The story of Museum Sage
Museum Sage was created by writer and performer Jon Spayde in response to his wife, Laurie Phillips, being bored by just mechanically looking at a painting then reading the wall description, looking, reading, looking, reading. Jon had been studying books by the French Surrealists and, in the twinkling of an eye, used them as inspiration to come up with a whole different way to see art. A new paradigm was born.
Since the creation of Museum Sage, thousands of people have benefited from using this sacred and fun practice to experience art in a whole new way — as well as getting direction to some pretty gnarly life issues.
The art history behind Museum Sage
The immediate inspiration for Museum Sage was the outing that Andre Breton and Alberto Giacometti made to the Saint-Ouen flea market in 1934, recounted in Breton’s L’Amour Fou (Mad Love) of 1937. As they strolled in the market in a state of dreamy receptivity, Giacometti found himself drawn to an enigmatic metal mask that might have been used in fencing, and Breton to a long ladle with a tiny backpiece on which it rested, the backpiece having the shape of a shoe.
A little while after bringing them home, the artists realized that the mask and ladle were “speaking” to them. The mask helped Giacometti find forms to complete the face of a figural sculpture he was working on, and the ladle, with its shoe-backpiece and its resemblance to a ballet slipper, catalyzed in Breton the childhood memory of hearing the story of Sleeping Beauty and her glass slipper.
This ability of chance objects, seized upon without forethought, to answer questions and evoke personal memories suggested to us that encounters with artworks or historical objects could be similarly productive, if we could induce in inquirers a similar kind of reverie — turn them, that is, into temporary Surrealists. The dreamlike state created by inviting the Museum Sage practitioner to tune into their other senses and helping her or him through the museum’s space has its roots in Surrealist oneiricism. Our wandering also pays homage to those offspring of Surrealist flanerie, the Situationist dérive and the contemporary exploration of mind and space called psychogeography.

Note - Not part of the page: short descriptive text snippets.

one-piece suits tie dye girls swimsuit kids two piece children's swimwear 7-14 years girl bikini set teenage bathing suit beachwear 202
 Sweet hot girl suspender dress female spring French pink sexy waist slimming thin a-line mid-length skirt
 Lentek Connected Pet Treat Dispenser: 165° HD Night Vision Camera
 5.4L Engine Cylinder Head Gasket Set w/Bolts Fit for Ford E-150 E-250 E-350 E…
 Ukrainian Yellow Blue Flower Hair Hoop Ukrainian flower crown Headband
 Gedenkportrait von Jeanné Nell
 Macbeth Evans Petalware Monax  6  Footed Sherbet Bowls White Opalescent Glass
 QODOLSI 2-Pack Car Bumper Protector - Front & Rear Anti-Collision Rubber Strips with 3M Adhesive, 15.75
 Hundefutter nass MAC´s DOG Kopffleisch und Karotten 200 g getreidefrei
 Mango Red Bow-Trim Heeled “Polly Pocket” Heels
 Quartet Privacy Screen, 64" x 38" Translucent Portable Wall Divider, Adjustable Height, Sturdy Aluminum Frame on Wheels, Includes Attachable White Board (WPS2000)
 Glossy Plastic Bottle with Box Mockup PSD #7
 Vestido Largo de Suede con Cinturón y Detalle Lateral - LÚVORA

We realized that we wanted to initiate the entire process — the choosing of the section of the museum in which the Museum Sage session would take place — in an aleatory way, by having the inquirer close his or her eyes and choose a gallery and artwork number. Thus we uphold the Cagean principle, enunciated by the great Los Angeles performance artist Rachel Rosenthal (and suitable as a motto for all of Museum Sage) that “chance knows what it’s doing.”